On February 4, 2025, Ehikian told employees that the deferred resignation was just the "first step in streamlining the federal workforce." He stated that "returning to office will be the next step." He also said the GSA was looking to close and consolidate its 11 regional offices and 700 field offices across the US. Employees were told to report to the office full-time starting March 3. Ehikian warned the approximately 2,000 employees who live more than 50 miles from the nearest regional office that there was a "high probability" they may be assigned to an office farther away as part of the push to reduce the GSA’s footprint.

The Washington Post noted that the messaging appeared deliberately designed to increase attrition, as employees would not know if they had been reassigned to a farther office until days after they had to decide whether to accept voluntary resignation. An internal memo from May 22 noted that there were only 1,000 workstations for 1,200 employees at headquarters, and employees without a desk were told to look for "non-traditional seating options" like conference rooms and tables in the building’s atrium.

In February 2025, Ehikian called for cutting GSA's largest division, the Public Building Service, by more than 3,500 employees or 63% of the total workforce. In February 2025, the GSA dismissed about 100 tech workers within its Technology Transformation Services who were in their one year probationary period and, therefore, had weaker job protections. Various offices within the agency were called to meetings to justify their positions to Ehikian and other political appointees. Senior executives called those meetings "murder boards." Ehikian was a proponent of using artificial intelligence to reduce headcount with some GSA employees being asked to identify ways AI could automate their work responsibilities.

On February 24, 2025, Ehikian warned employees that the agency would be conducting a reduction in force and was also seeking to offer employees Voluntary Early Retirement Authority (VERA).

On Saturday, March 1, 2025, the GSA eliminated 18F, a digital consulting office within GSA's Technology Transformation Services (TTS), and fired its 70 tech workers at 1:00 a.m. 18F employees reported that they had been locked out of their computers and emails, and that they could not find out where to return equipment. 18F had previously been the target of false claims from rightwing activists and from Elon Musk that it was a far-left cell inside the government.

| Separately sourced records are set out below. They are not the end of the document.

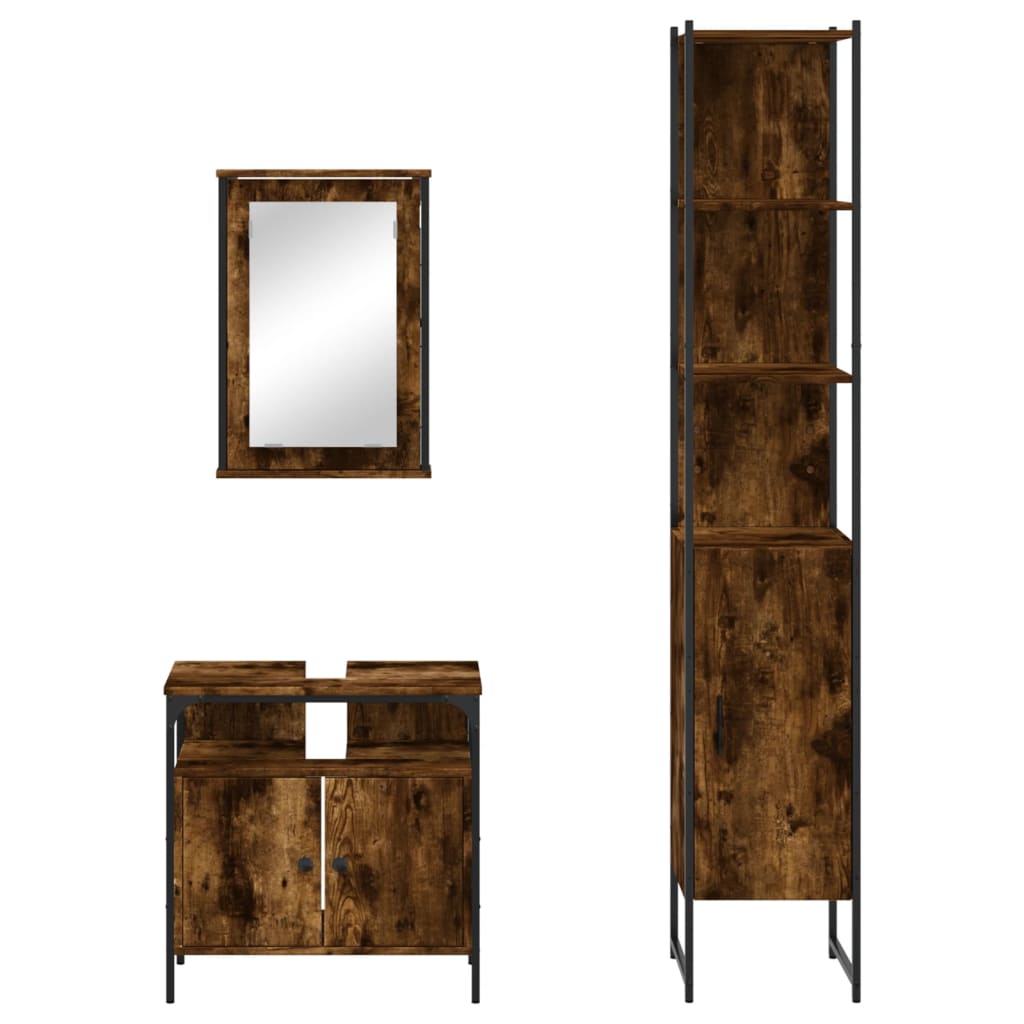 Bathroom Furniture Set 3 pcs Engineered Wood Smoked oak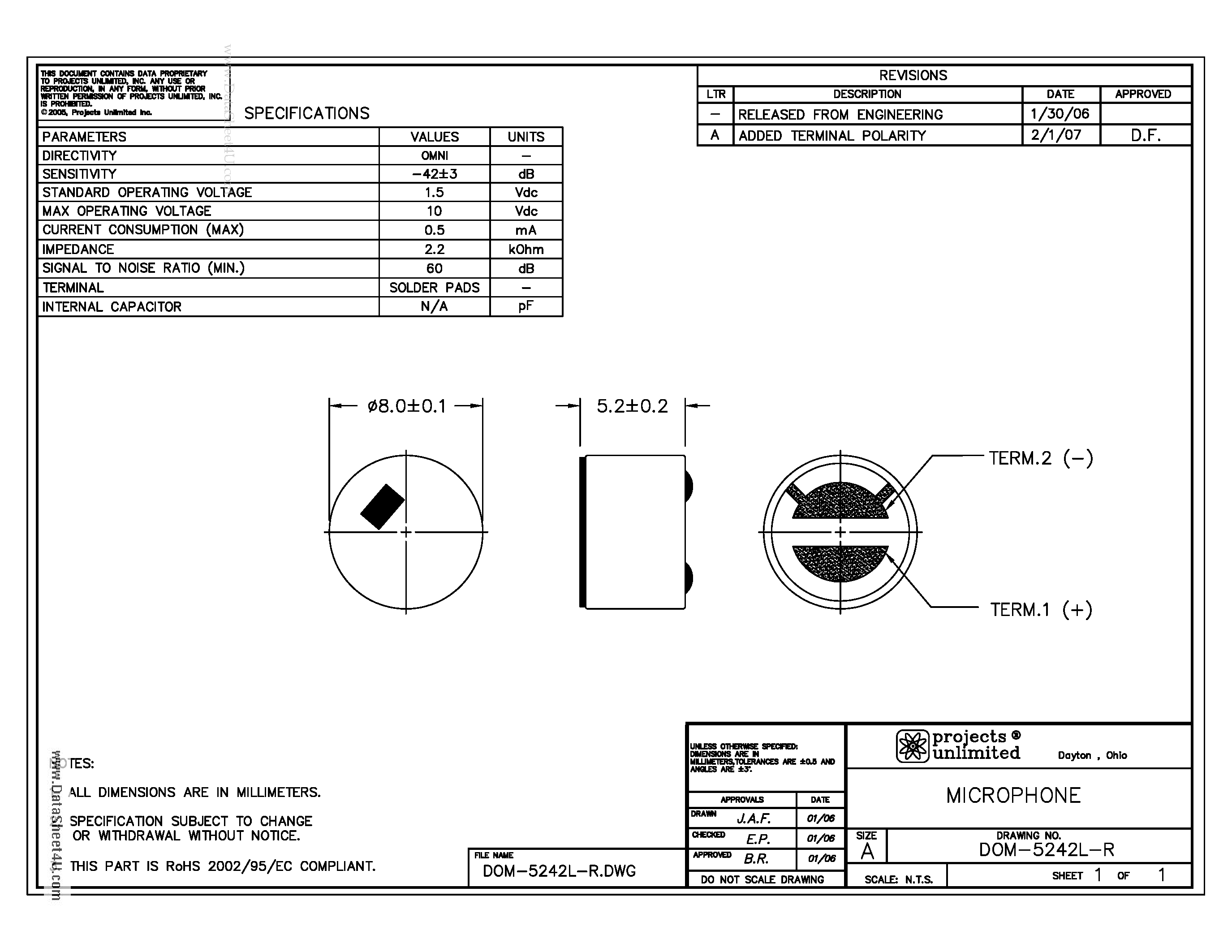 Datasheet DOM-5242L-R - MICROPHONE page 1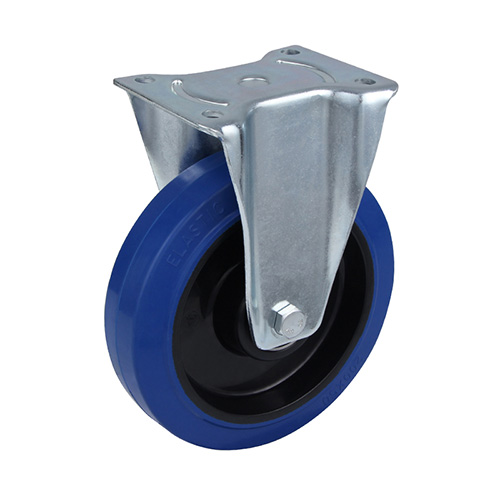 Blue Elastic Rubber Heavy duty Fixed Castor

On March 3, 2025, the GSA issued reduction-in-force notices to approximately 600 employees with nearly 40% of the staff at its San Francisco office being let go. Then, on March 5, 2025 the agency issued reduction-in-force notices to more than 90% of its 200 employees at the northwest region of its Public Buildings Service. On March 6, 2025 the GSA issued notices to nearly all its staffers (over 100 staffers) at the Office of the Chief Financial Officer in the Washington, D.C. area.

On March 3, 2025, Ehikian closed at least five regional offices of the fine arts and historic preservation units at the GSA, and placed more than 36 staffers on leave pending their terminations. The group preserved and maintained over 26,000 pieces of art owned by the federal government.

By May 2025, over 2,100 GSA employees had accepted deferred resignations and the GSA had laid off about 1,000 employees for a total reduction of nearly 25% of its workforce.

Ehikian stated that the workforce reductions were about "moving people from maybe lower productivity roles to a higher productivity in the private sector."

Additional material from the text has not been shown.